Data section below:
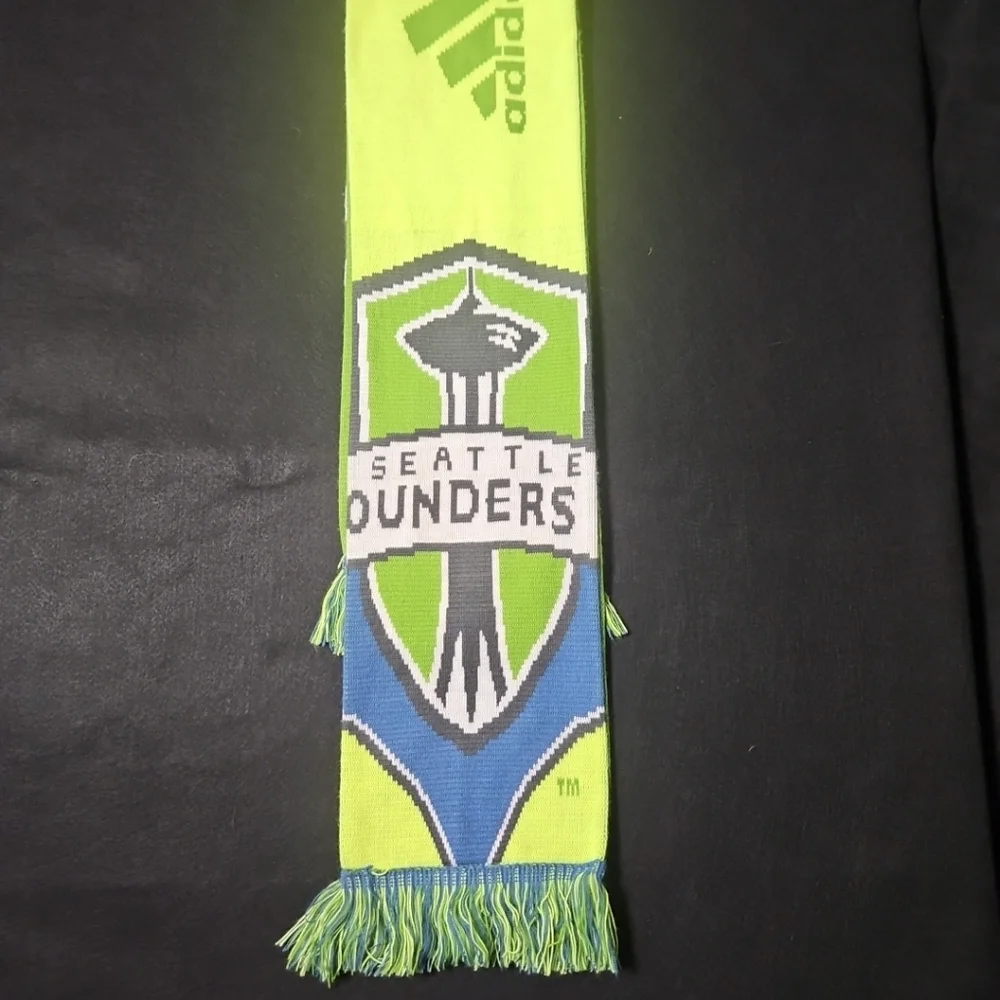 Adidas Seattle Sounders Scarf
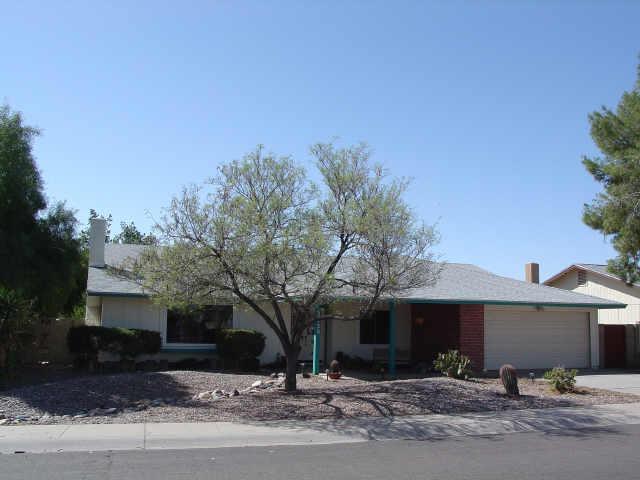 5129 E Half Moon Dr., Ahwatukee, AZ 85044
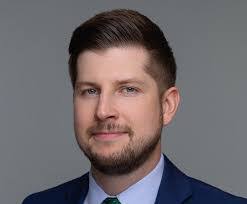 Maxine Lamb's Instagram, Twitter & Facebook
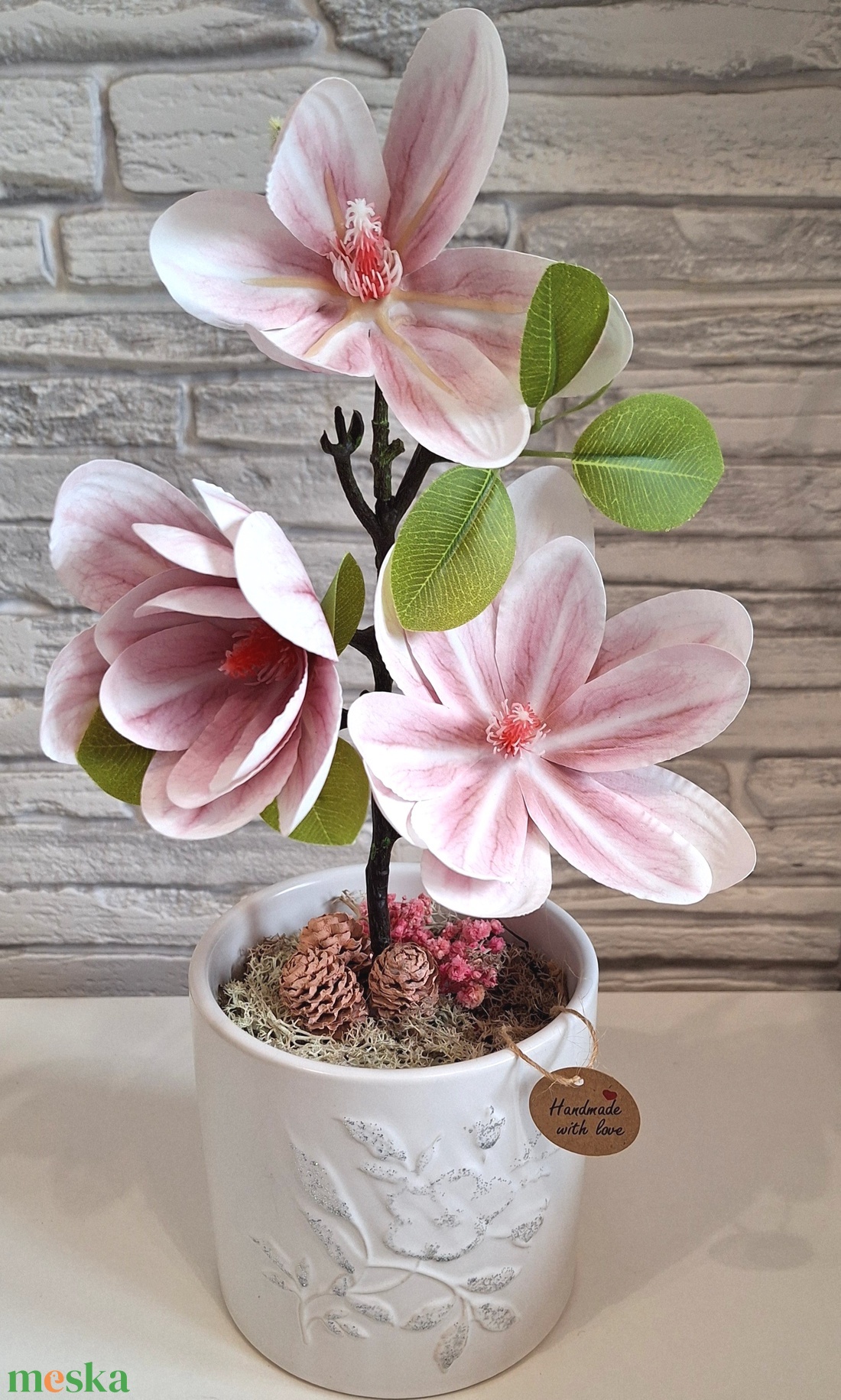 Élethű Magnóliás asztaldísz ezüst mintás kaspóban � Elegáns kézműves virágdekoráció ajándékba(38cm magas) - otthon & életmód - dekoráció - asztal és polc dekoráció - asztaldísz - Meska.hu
End of Data section.
Data section below:
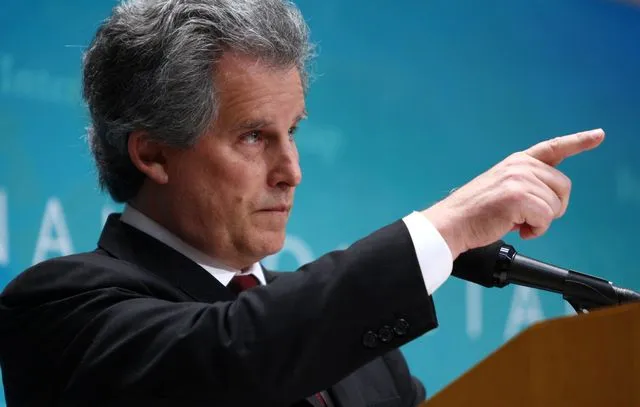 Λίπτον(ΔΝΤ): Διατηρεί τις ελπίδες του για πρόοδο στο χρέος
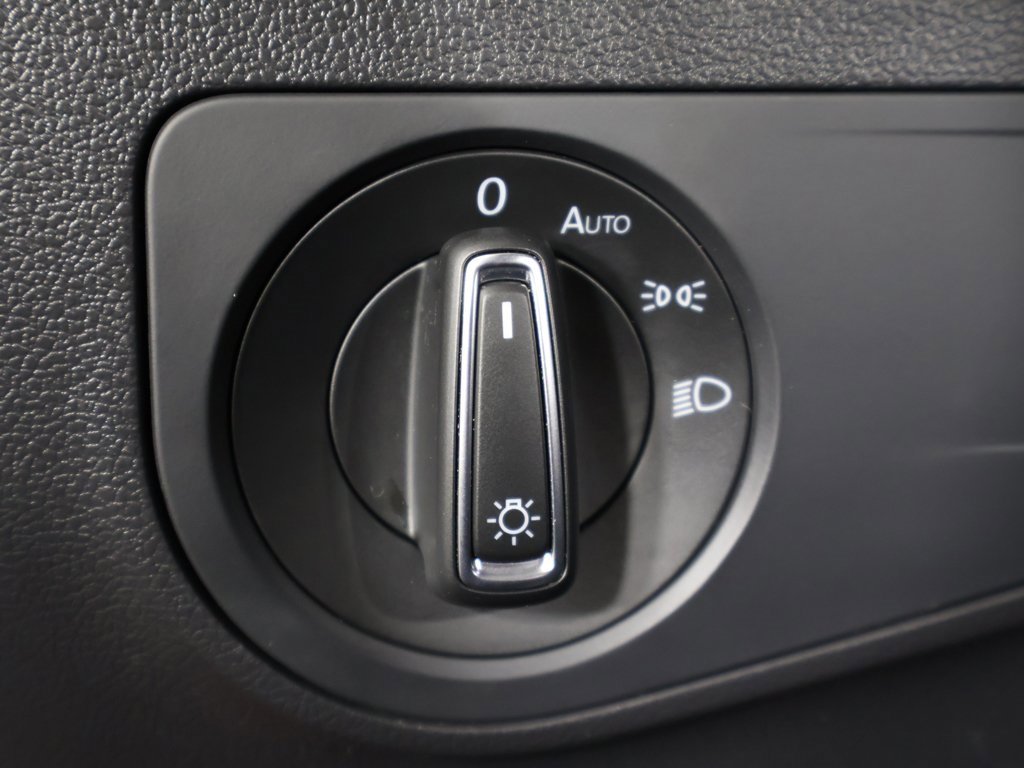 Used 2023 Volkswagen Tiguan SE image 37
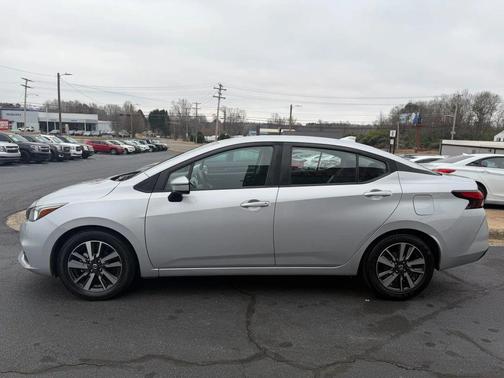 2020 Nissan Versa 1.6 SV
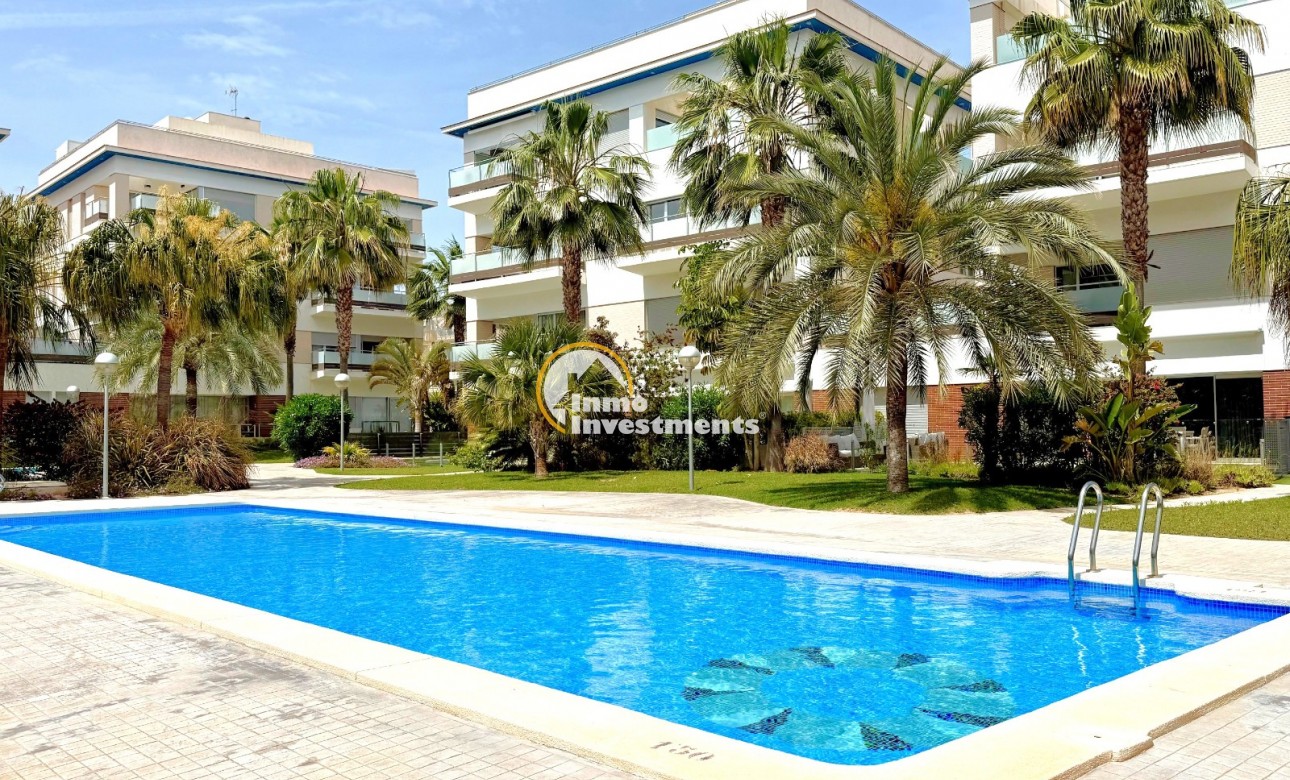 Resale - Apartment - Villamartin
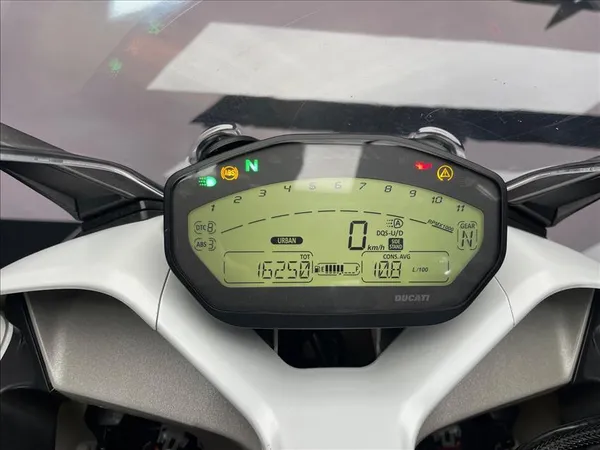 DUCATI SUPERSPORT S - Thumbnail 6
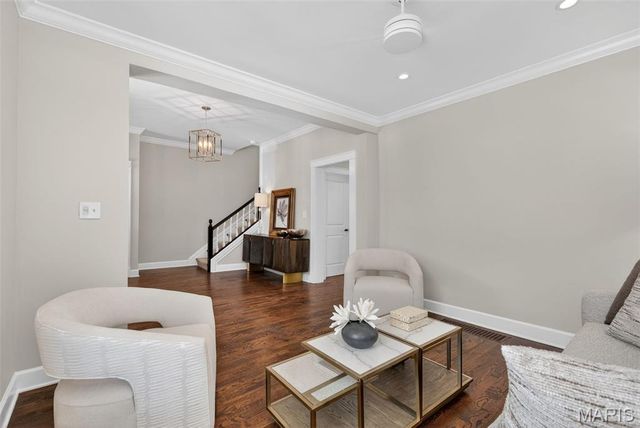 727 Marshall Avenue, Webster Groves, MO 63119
End of Data section.
Data section below:
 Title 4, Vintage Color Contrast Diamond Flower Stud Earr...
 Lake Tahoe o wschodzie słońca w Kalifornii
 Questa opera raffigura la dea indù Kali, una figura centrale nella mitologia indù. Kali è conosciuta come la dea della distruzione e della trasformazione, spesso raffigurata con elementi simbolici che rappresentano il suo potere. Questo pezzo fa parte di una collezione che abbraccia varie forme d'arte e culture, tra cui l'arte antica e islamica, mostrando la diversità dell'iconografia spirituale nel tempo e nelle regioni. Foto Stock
End of Data section.
_Task objective_: Only one stretch of the listing above is to be duplicated: the lines from the one containing "Used 2023 Volkswagen Tiguan SE image 37" through the one containing "727 Marshall Avenue, Webster", both included. Copy them exactly, minus the pictures.

_Solved problem_:
 Used 2023 Volkswagen Tiguan SE image 37
 2020 Nissan Versa 1.6 SV
 Resale - Apartment - Villamartin
 DUCATI SUPERSPORT S - Thumbnail 6
 727 Marshall Avenue, Webster Groves, MO 63119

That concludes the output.